Studies that examine African value chains—particularly textiles and apparel find that improved buyer–supplier
relationships, supplier development, and information sharing are necessary to enable upgrading in the value
chain, increase local value-addition, and capture export opportunities; yet the sector is often hampered by poor
logistics, energy constraints and large imports of second-hand clothing which blunt domestic demand (Whitfield
& Triki; ODI, 2024). Thus, African studies highlight the contingent nature of collaboration’s benefits:
collaboration helps, but complementary public policy, logistics improvements, and supplier capabilities are
required for firms to realize performance gains. (Amoako-Gyampah et al., 2019; ODI, 2024).

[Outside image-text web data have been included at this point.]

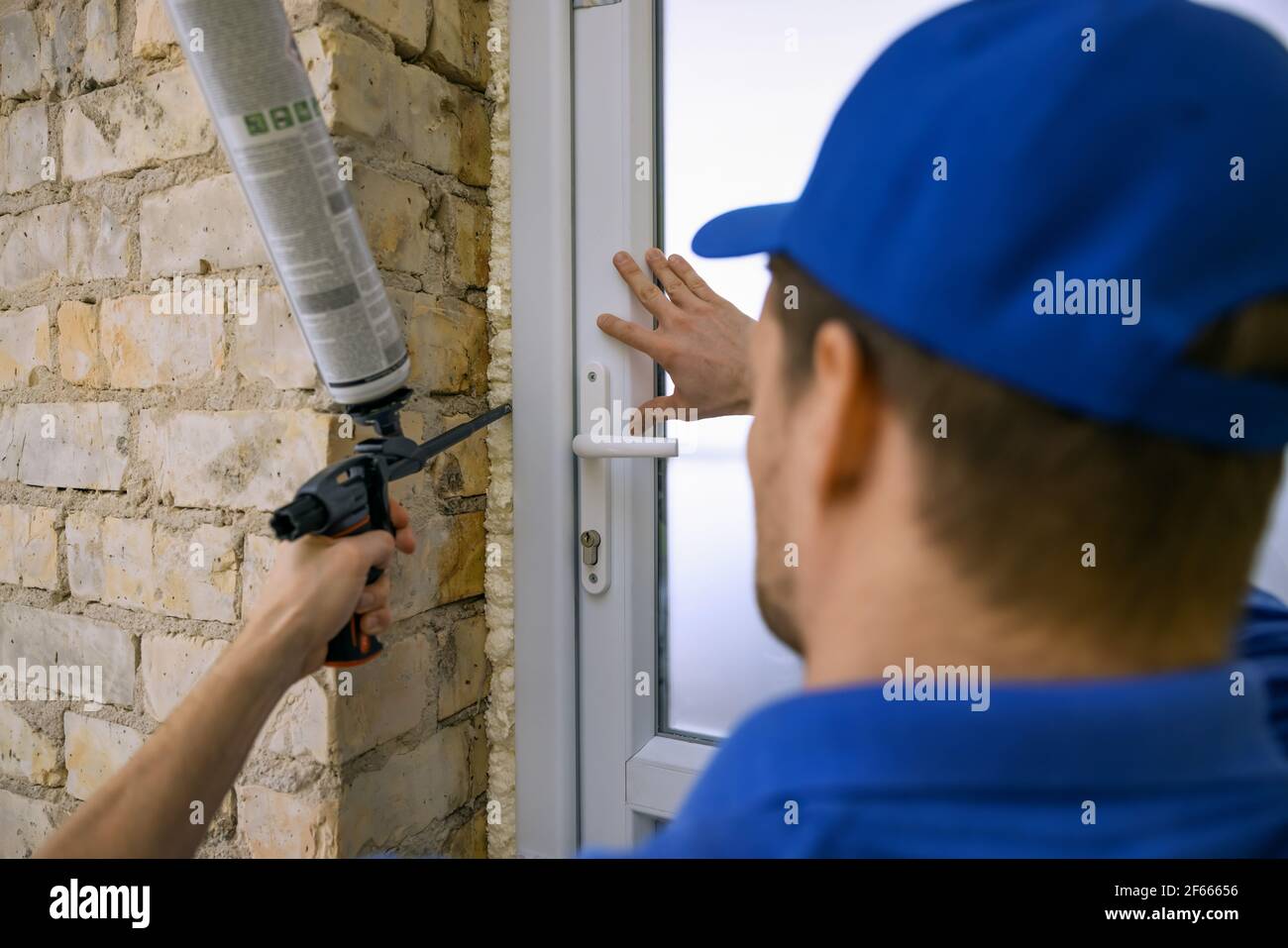 ouvrier installant une nouvelle porte en plastique pvc. montage du cadre avec de la mousse de polyuréthane Banque D'Images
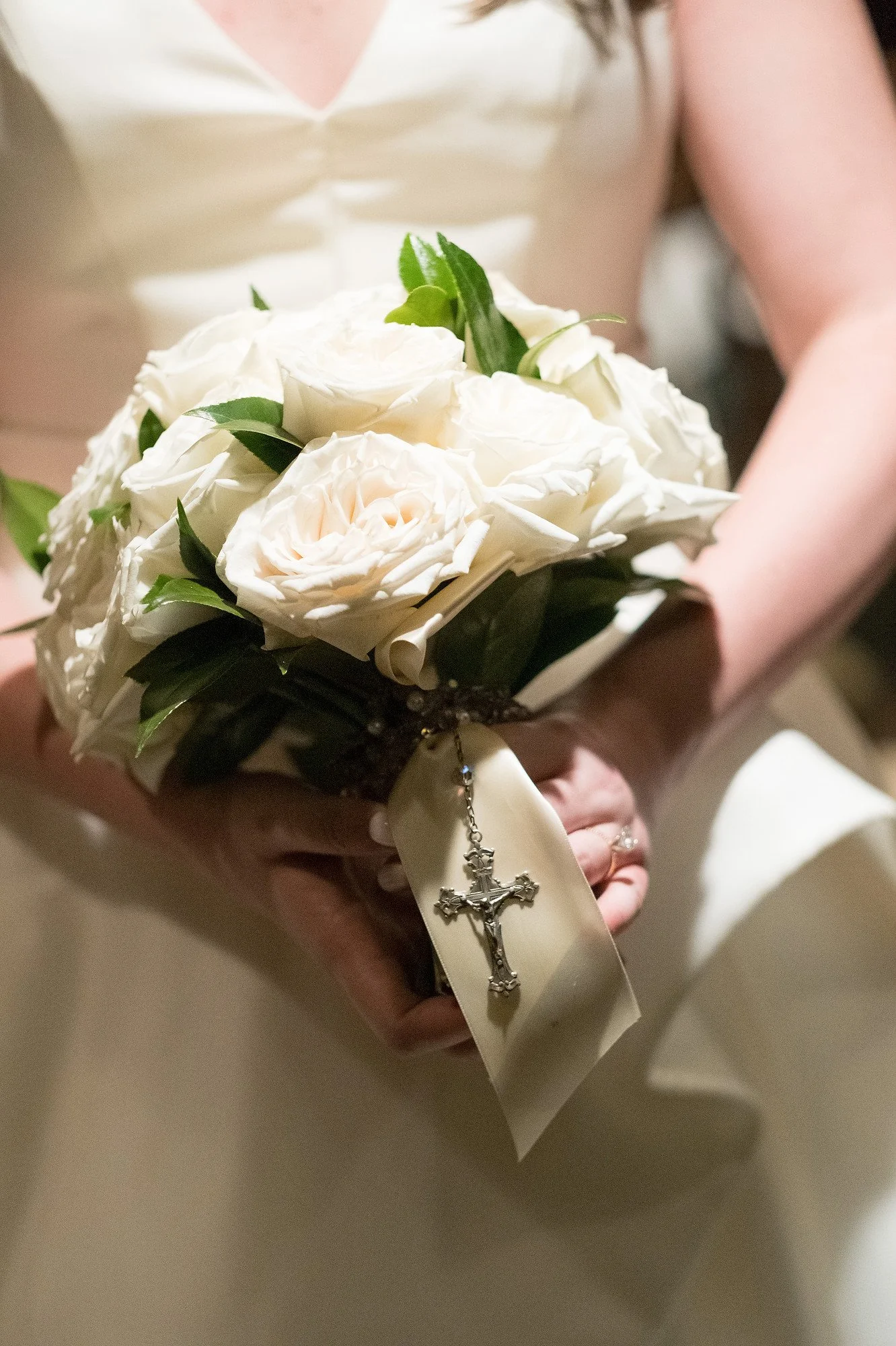 A person holding a bouquet of white roses with greenery, decorated with a beige ribbon and a silver rosary cross charm.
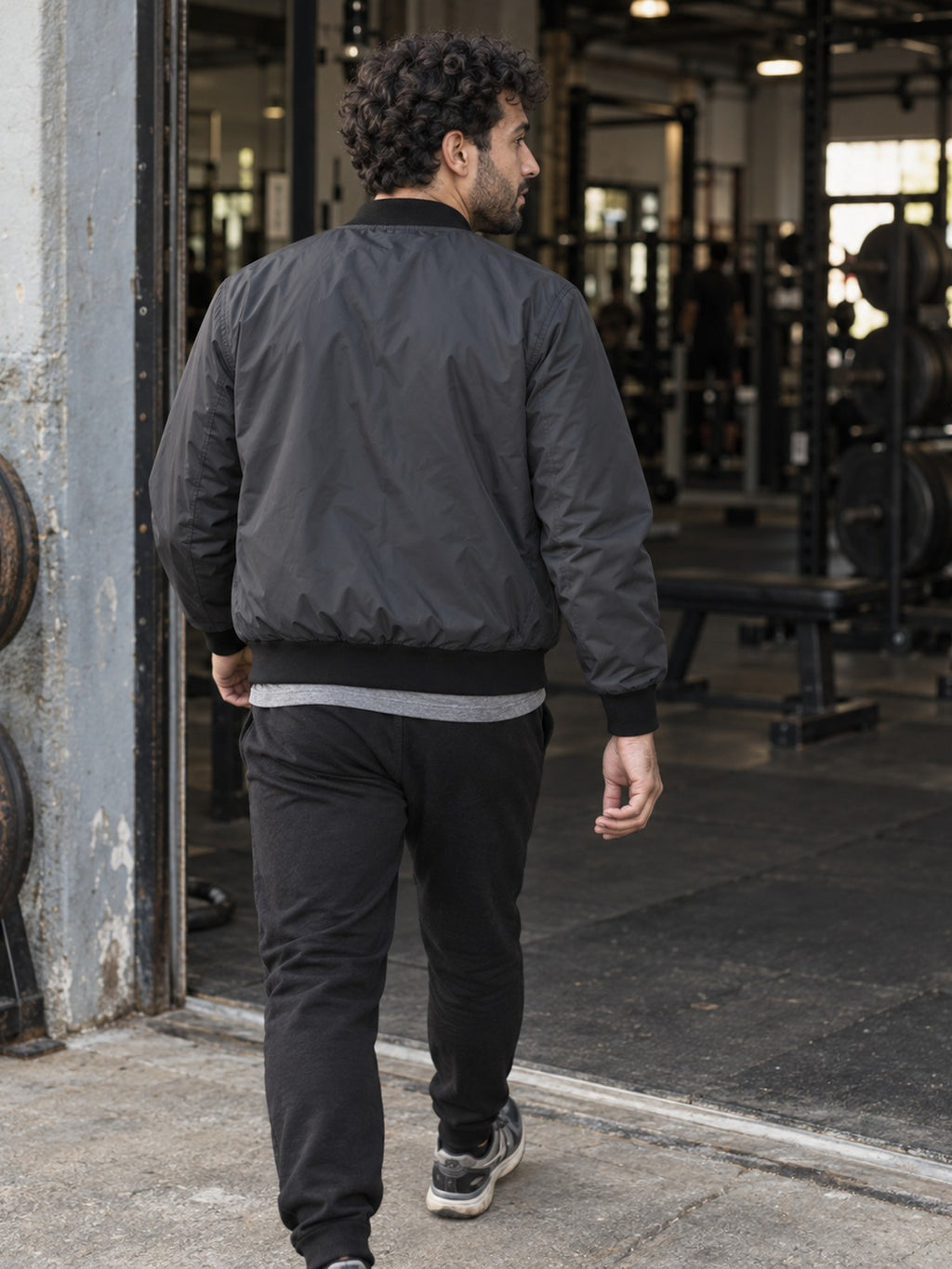 Built Different bomber jacket in charcoal – back view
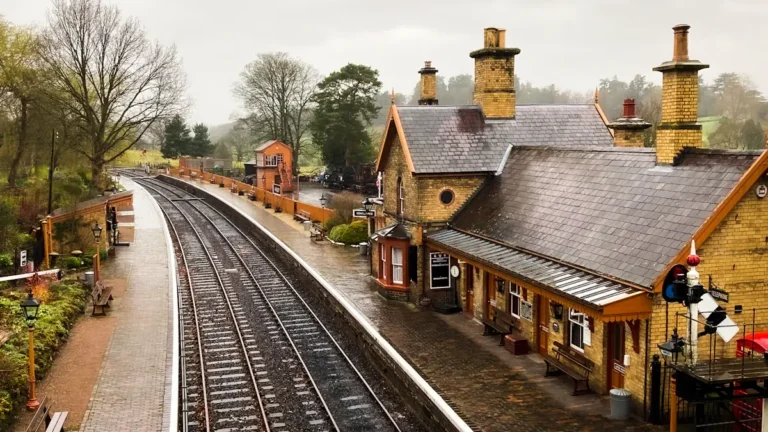 An empty, traditional-style British train station platform with tracks and historic brick buildings.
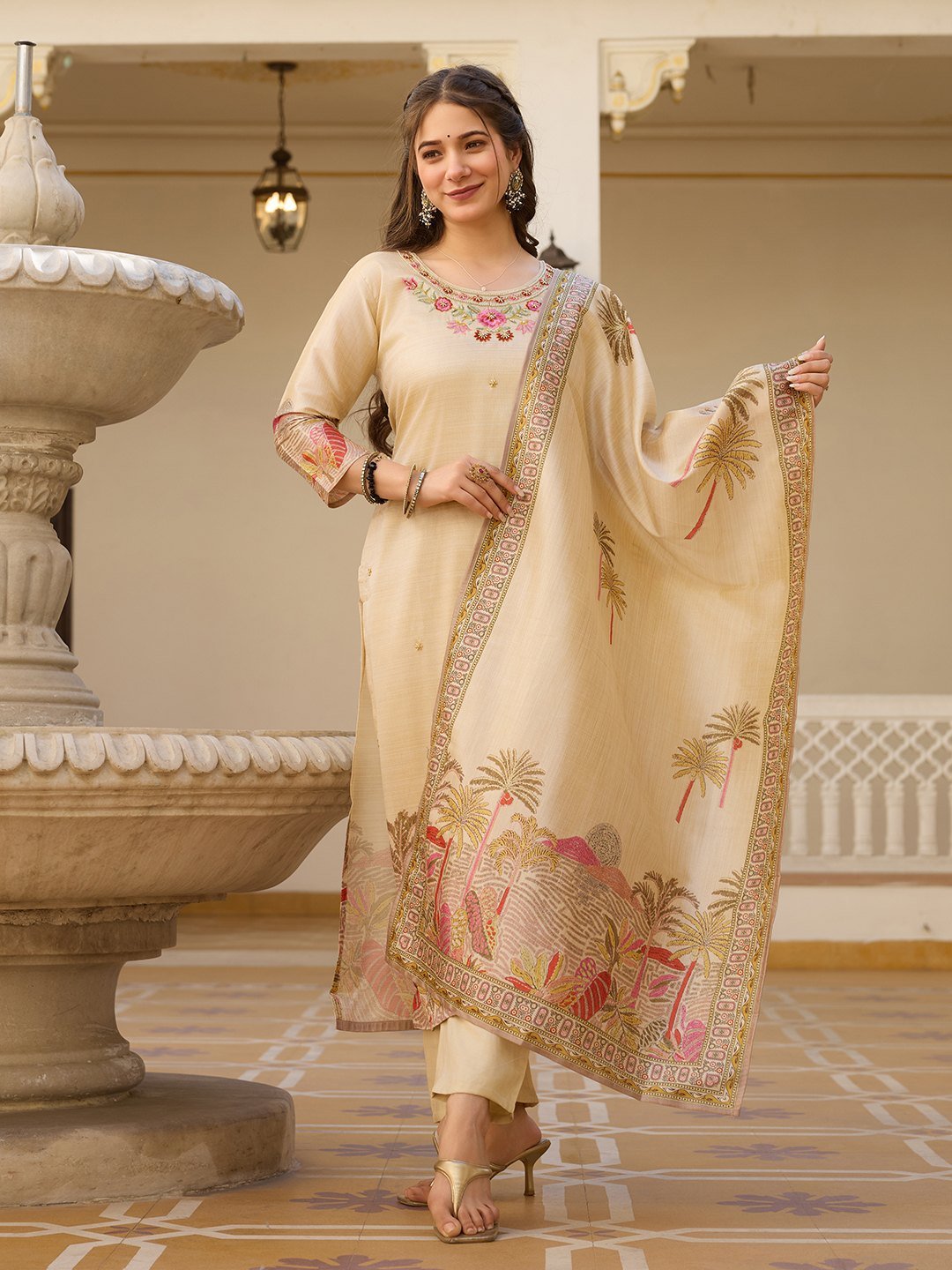 Side view of the beige kurta set with dupatta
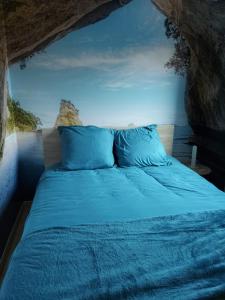 a bed with blue pillows in a cave at Le Canari in Huisnes-sur-Mer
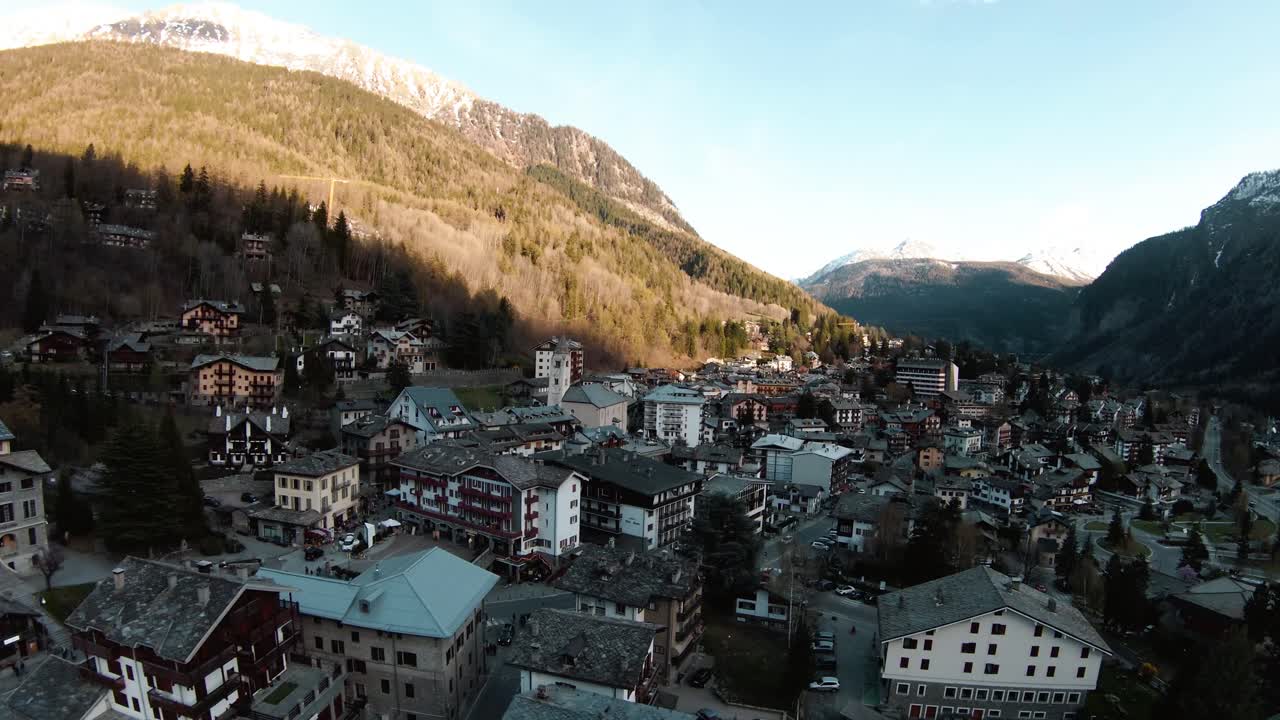 fpv drone aéreo sobre el centro turístico de montaña alpina y la iglesia de courmayeur, valle de aosta, italia, mont blanc monte bianco, volando sobre casas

East African perspective - textiles/apparel focus
Within East Africa, country studies and sector analyses (for Ethiopia, Kenya, Tanzania, etc.) document active
efforts to rebuild and expand textile manufacturing and identify supplier–buyer collaboration and supplier
development as central to operational and export performance. Recent empirical and industry studies from
Ethiopia and Kenya show that sustainable supply-chain practices (including supplier engagement,
resourcesharing, process integration, and green/eco-innovation efforts) are associated with better operational
outcomes, but again, the positive effects are strongest where firms have access to reliable inputs (yarn/fabric),
predictable transport, and finance (Minbale et al., 2024; Mwasiagi et al., 2023). Practical research in East Africa,
therefore, aligns with the global evidence while stressing region-specific blockers (import competition from used
clothing, inconsistent regional rules of origin, weak intra-African input linkages). (Minbale et al., 2024;
Mwasiagi et al., 2023).
National perspective of South Sudan
South Sudan’s commercial literature is thin on peer-reviewed studies of manufacturing SRM and supply-chain
performance. Available national diagnostics and development reports emphasize chronic constraints severely
limited road and energy infrastructure, seasonally cut roads, high transport costs, weak market linkages, and
political/economic fragility, all of which raise procurement and supplier-management challenges for
manufacturing firms (Government DTIS, 2022; World Bank transport/connectivity diagnostics). These
constraints make traditional SRM mechanisms (regular supplier visits, joint planning, reliable on-time deliveries)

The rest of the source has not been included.